Linear Algebra in Python with NumPy

Linear algebra is the branch in mathematics that deals with linear equations and their representations in vector spaces through matrices. Matrix methods consist of a set of powerful tools used to work with linear systems, characterised by equations of the form:

$$a_{1}x_{1} + a_{2}x_{2}+a_{3}x_{3}+...a_{n}x_{n} = b$$

Linear algebraic methods are widely used in almost all areas of mathemmatics, and applied to many scientific and engineering applications. A good understanding of linear algebraic methods form a foundational element of any science, engineering or mathematics degree.

NumPy contains a very powerful linear algebra library which you will no doubt use extensively as you work with the package. This tutorial should serve as a guide and an introduction to some of the more commonly used functionality built into NumPy's linear algebra object.

Let's get started.

Scalar Dot Product

The dot product, or scalar product, is an operation that takes two equally sized array objects (such as a pair of coordinates), and returns a single scalar number.

Algebraically, the dot product of two vectors is the sum of the products of corresponding entries in the two vectors.

$$ a \cdot b = \sum_{i = 1}^{n} a_{i}b_{i} = a_{1}b_{1} + a_{2}b_{2} + a_{3}b_{3} + ... a_{n}b_{n} $$

The dot product is called in NumPy using the numpy.dot function.

numpy.dot(a, b, out=None)

To illustrate the dot product we will multiply two 2D cartesian coordinate vectors using the numpy.dot method and return a scalar value.

>>> import numpy as np

>>> coord1 = [1,4]
>>> coord2 = [3,5]
>>> dotproduct = np.dot(coord1,coord2)
>>> print(dotproduct)
23

The dot product also has a geometric interpretation when considering vectors in euclidean space. Namely the dot product of two vectors a and b is defined as the product of the magnitudes of each vector with the cosine of the angle between the vectors.

$$ a \cdot b = |a||b|\cos{\theta}$$

Referring to our example above, the dot product can then be determined geometrically as illustrated below.

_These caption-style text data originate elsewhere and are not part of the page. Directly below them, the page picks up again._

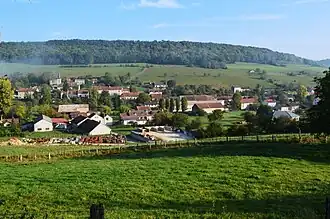 A general view of Aubigny-lès-Sombernon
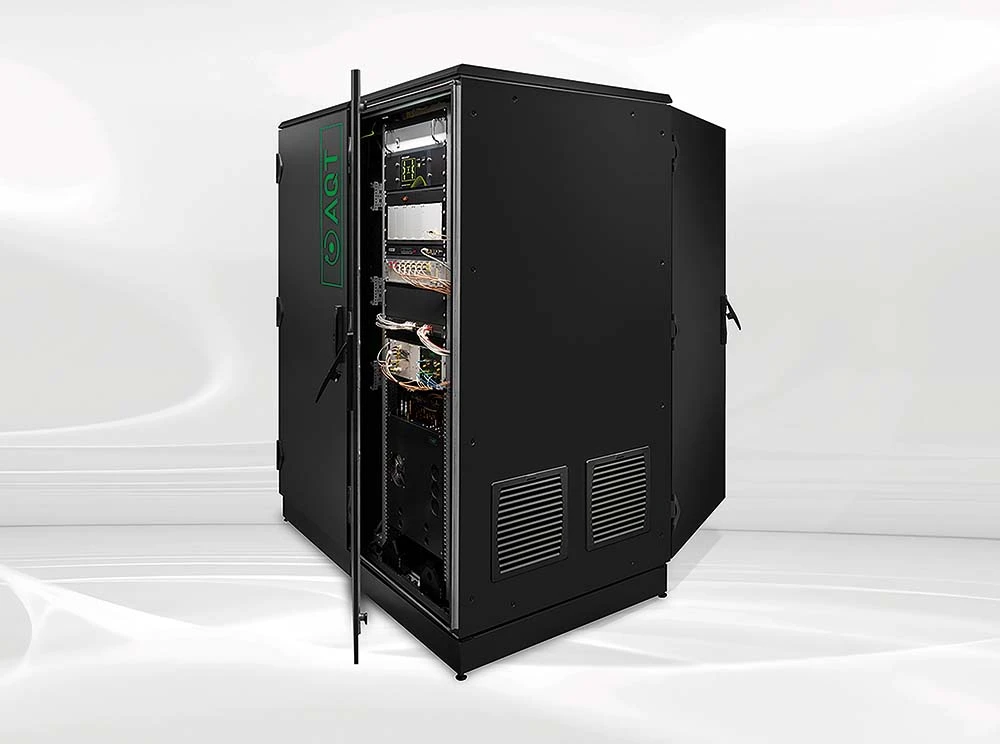 Figure 2 Data-centre deployable quantum computer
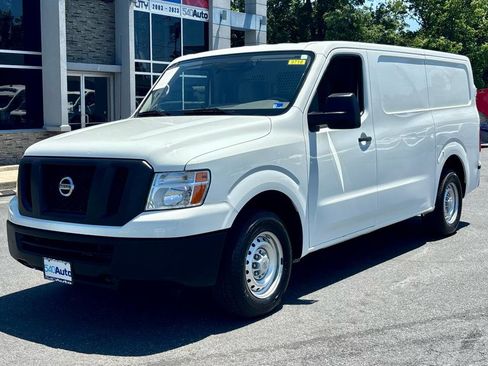 Used 2018 Nissan NV 2500 S RWD image 2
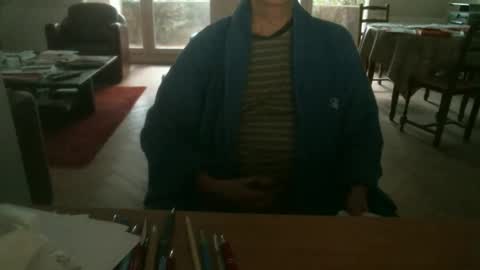 kisslog1 online show from October 26, 2025, 4:02 pm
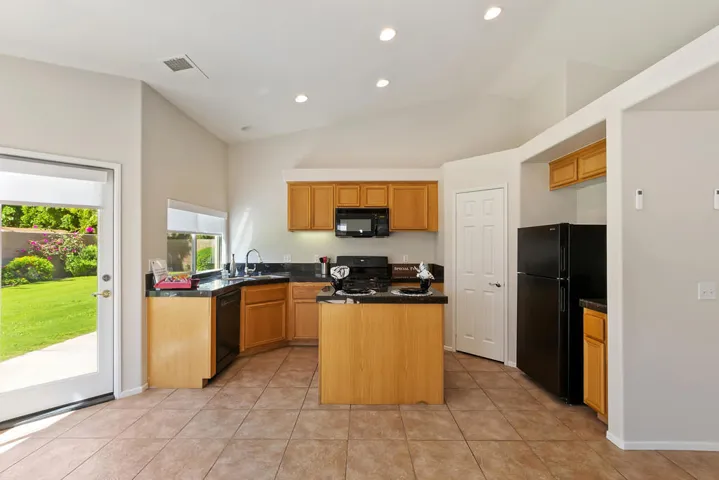 014_Kitchen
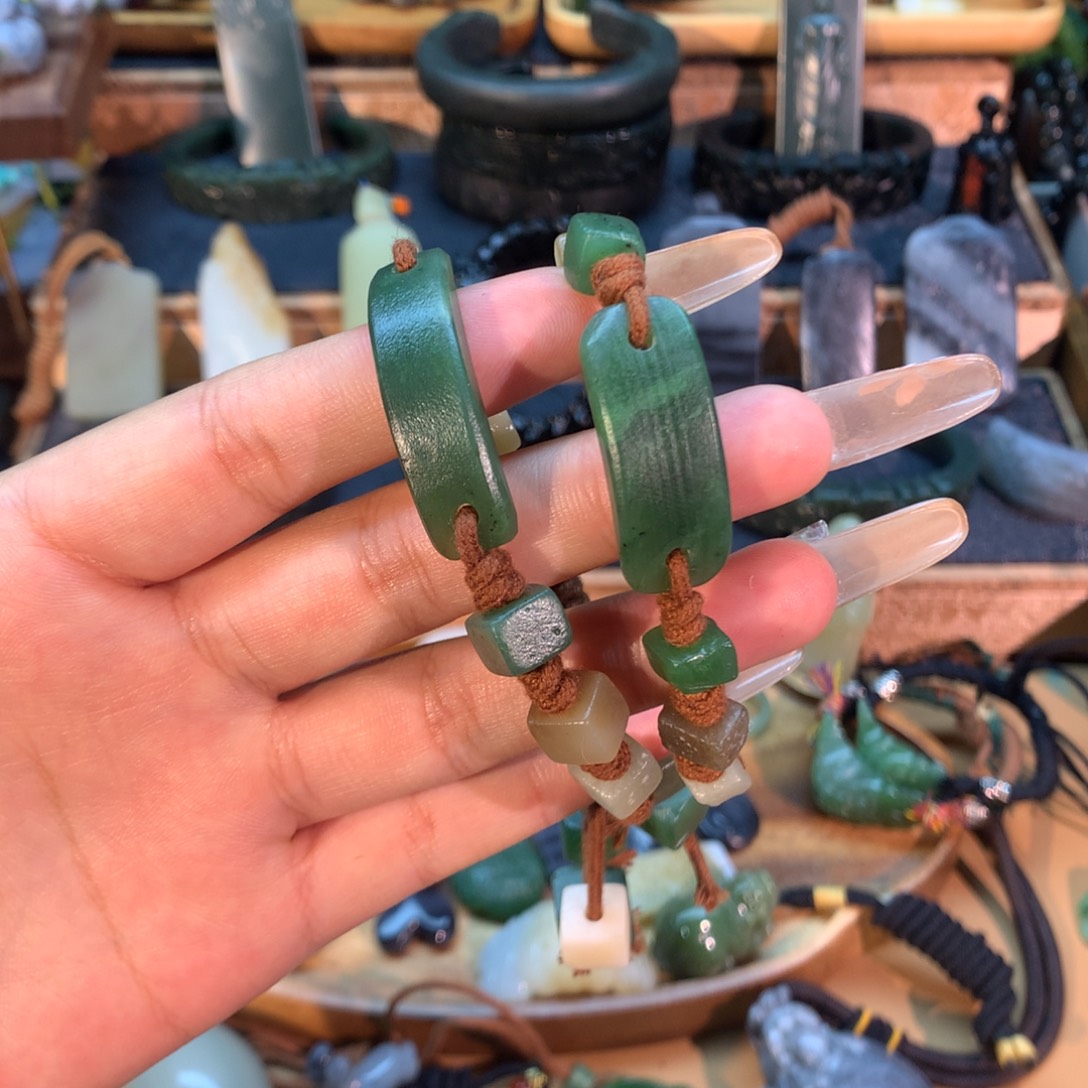 和田玉（糖玉）未镶嵌挂件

example showing the scalar dot product

Combining the algebraic and geometric definitions of the dot product means that the angle between two vectors can be easily calculated by rearranging the geometric dot product formula:

$$\cos{\theta} = \frac{a \cdot b}{|a||b|}$$

I have personally used the formulation of the dot product to build an airport crosswind calculator where the angle between the prevailing wind and the runway in use must be determined before the parallel and crosswind components are calculated. This is a good example of a practical application of the dot product.

Matrix Cross Product

The cross product, or vector product, is a binary operation completed on two vectors, a and b, that results in a third vector that is perpendicular to a and b and thus normal to the plane containing them. The cross product is denoted by a × symbol.

The cross product has many applications in physics, engineering, and computer programming and is defined as follows:

$$a \times b = |a||b|\sin{(\theta})\textbf{n}$$

Where

θ is defined as the angle between a and b in the plane containing them.
|a| and |b| are the magnitudes of the two vectors.
n is a unit vector perpendicular to the plane containing a and b.

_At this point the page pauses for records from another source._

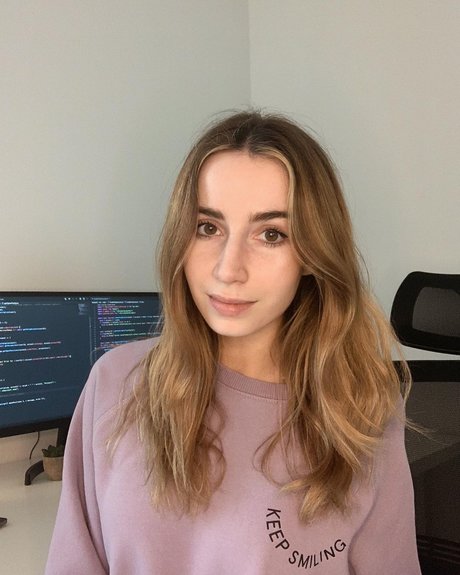 nerdy teen onlyfans nude gallery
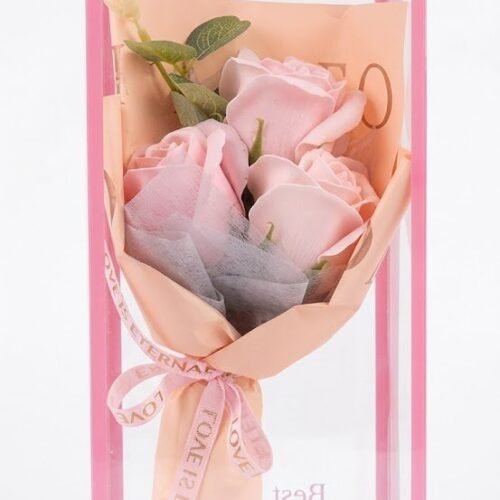 RAMO FLOR 3 ROSAS CAJA PVC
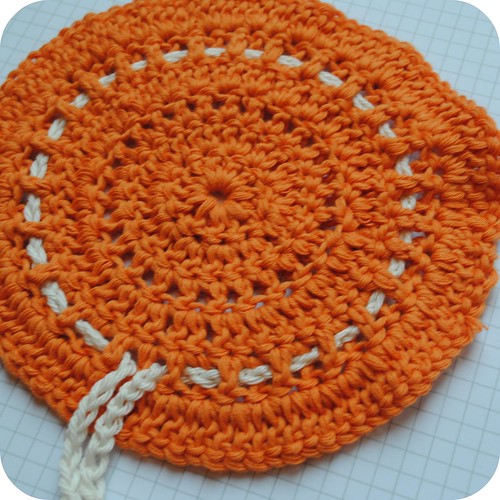 crochet jar cover ::
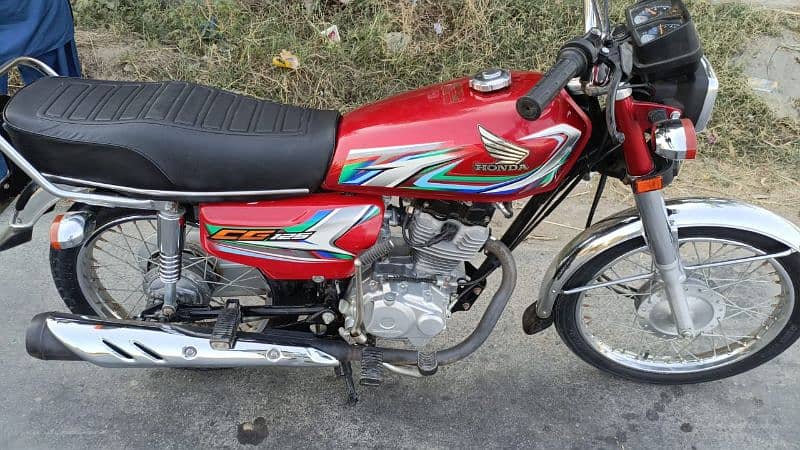 arrgent sale bike Honda gc125 11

The direction of the unit normal is given by the right hand rule, illustrated below.

right hand rule applied to vector cross product

The cross product is called in NumPy using the numpy.cross method.

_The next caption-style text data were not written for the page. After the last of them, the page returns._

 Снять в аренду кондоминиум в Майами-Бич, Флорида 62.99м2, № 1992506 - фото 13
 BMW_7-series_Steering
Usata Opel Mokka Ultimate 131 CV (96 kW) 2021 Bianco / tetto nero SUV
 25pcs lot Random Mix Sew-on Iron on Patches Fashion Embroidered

numpy.cross(a, b, axisa=- 1, axisb=- 1, axisc=- 1, axis=None)

A cross product calculation is shown below specifying two 3D vectors.

# cross product of a 3D vector
>>> a = np.array([3,-3,1])
>>> b = np.array([4,9,2])
>>> cross = np.cross(a,b)
>>> print(cross)
[-15  -2  39]

The cross product can be manually calculated using matrix notation by making use of the Sarrus Rule illustrated below.

example showing how to perform a matrix cross product calculation

Calculating Moments Using the Cross Product

There are many fields within the sciences where the cross product finds a direct application. One such area is in the calculation of moments or torques — a common task in mechanical engineering.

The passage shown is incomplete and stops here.